Repost from The Guardian

US taxpayers subsidising world’s biggest fossil fuel companies

Shell, ExxonMobil and Marathon Petroleum got subsidises granted by politicians who received significant campaign contributions from the fossil fuel industry, Guardian investigation reveals
By Damian Carrington and Harry Davies, 12 May 2015 07.00 EDT
Marathon Petroleum refinery in Canton, Ohio, got a job subsidy scheme worth $78m when it started in 2011. Photograph: PR

The world’s biggest and most profitable fossil fuel companies are receiving huge and rising subsidies from US taxpayers, a practice slammed as absurd by a presidential candidate given the threat of climate change.

A Guardian investigation of three specific projects, run by Shell, ExxonMobil and Marathon Petroleum, has revealed that the subsidises were all granted by politicians who received significant campaign contributions from the fossil fuel industry.

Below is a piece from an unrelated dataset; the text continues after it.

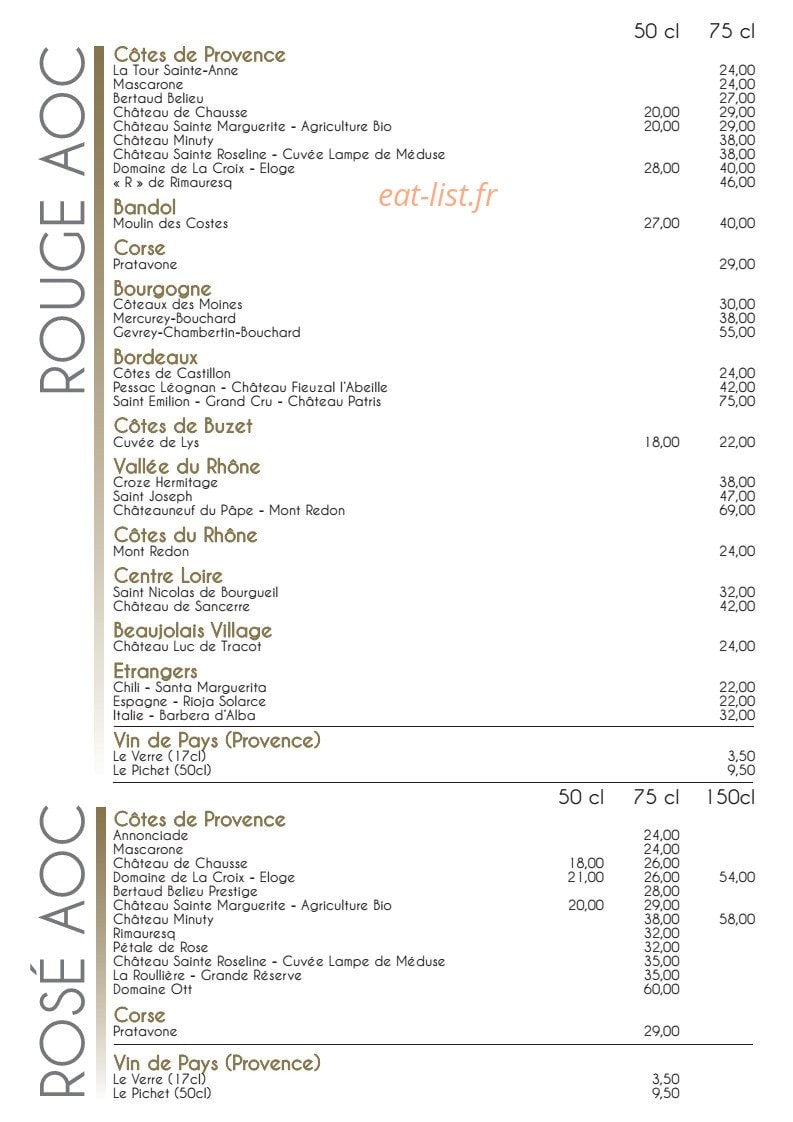 Café Valmer — carte page 5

The Guardian has found that:

  • A proposed Shell petrochemical refinery in Pennsylvania is in line for $1.6bn (£1bn) in state subsidy, according to a deal struck in 2012 when the company made an annual profit of $26.8bn.
  • ExxonMobil’s upgrades to its Baton Rouge refinery in Louisiana are benefitting from $119m of state subsidy, with the support starting in 2011, when the company made a $41bn profit.
  • A jobs subsidy scheme worth $78m to Marathon Petroleum in Ohio began in 2011, when the company made $2.4bn in profit.

“At a time when scientists tell us we need to reduce carbon pollution to prevent catastrophic climate change, it is absurd to provide massive taxpayer subsidies that pad fossil-fuel companies’ already enormous profits,” said senator Bernie Sanders, who announced on 30 April he is running for president.

Sanders, with representative Keith Ellison, recently proposed an End Polluter Welfare Act, which they say would cut $135bn of US subsidies for fossil fuel companies over the next decade. “Between 2010 and 2014, the oil, coal, gas, utility, and natural resource extraction industries spent $1.8bn on lobbying, much of it in defence of these giveaways,” according to Sanders and Ellison.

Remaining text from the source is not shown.